问题
I'm trying to use the scalaz iteratee package to process a large zip file in constant space. I have a long-running process I need to perform on each file in the zip file. Those processes can (and should) be run in parallel.
I created an EnumeratorT
that inflates each ZipEntry
into a File
object. The signature looks like:
def enumZipFile(f:File):EnumeratorT[IoExceptionOr[IO[File]], IO]

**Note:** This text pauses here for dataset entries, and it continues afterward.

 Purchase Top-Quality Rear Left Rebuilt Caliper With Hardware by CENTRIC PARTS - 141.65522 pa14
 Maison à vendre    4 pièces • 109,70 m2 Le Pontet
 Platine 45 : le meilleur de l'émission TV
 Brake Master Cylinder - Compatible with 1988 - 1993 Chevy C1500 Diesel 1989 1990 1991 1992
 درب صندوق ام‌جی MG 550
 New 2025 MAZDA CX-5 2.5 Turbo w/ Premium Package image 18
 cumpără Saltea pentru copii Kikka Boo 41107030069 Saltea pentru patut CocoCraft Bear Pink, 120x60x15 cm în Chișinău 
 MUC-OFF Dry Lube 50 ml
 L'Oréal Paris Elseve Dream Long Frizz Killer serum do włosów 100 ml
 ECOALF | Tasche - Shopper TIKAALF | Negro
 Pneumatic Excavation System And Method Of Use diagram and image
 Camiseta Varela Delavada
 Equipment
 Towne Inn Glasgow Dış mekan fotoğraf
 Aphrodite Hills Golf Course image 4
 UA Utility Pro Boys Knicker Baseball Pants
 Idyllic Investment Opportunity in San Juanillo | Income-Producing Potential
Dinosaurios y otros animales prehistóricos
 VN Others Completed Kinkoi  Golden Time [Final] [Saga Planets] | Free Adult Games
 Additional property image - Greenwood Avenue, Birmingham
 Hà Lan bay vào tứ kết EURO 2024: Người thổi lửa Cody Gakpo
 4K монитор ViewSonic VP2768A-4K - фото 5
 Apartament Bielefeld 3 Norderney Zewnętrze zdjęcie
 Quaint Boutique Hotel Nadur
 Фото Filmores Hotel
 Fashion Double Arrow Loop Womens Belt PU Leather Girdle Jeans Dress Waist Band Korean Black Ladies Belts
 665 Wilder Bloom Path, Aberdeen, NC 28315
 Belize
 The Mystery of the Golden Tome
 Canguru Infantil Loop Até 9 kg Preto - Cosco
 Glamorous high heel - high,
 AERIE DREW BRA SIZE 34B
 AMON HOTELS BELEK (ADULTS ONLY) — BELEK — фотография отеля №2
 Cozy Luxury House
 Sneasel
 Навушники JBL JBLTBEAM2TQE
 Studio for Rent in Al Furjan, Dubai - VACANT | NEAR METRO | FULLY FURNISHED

I want to attach an IterateeT
that will perform the long-running process on each file. I basically end up with something like:
type IOE[A] = IoExceptionOr[A]
def action(f:File):IO[List[Promise[IOE[File]]]] = (
consume[Promise[IOE[File]], IO, List] %=
map[IOE[File], Promise[IOE[File]], IO](longRunningProcess) %=
map[IOE[IO[File]], IOE[File], IO](_.unsafePerformIO) &=
enumZipFile(f)
).run
def longRunningProcess:(iof:IOE[File]):Promise[IOE[File]] =
Promise { Thread.sleep(5000); iof }
When I try to run it:
action(new File("/really/big/file.zip")).unsafePerformIO.sequence.get
I get a java.lang.OutOfMemoryError: Java heap space
message. That makes sense to me, since it's trying to build up a massive list in memory of all these IO
and Promise
objects.
A few questions:
- Does anyone have any ideas on how to avoid this? It feels like I'm approaching the problem incorrectly, because I really only care about the
longRunningProcess
for its side-effects. - Is the
Enumerator
approach here the wrong approach?
I'm pretty much out of ideas, so anything will help.
Thanks!
Update #1
Here is the stack trace:
[error] java.lang.OutOfMemoryError: Java heap space
[error] at scalaz.Free.flatMap(Free.scala:46)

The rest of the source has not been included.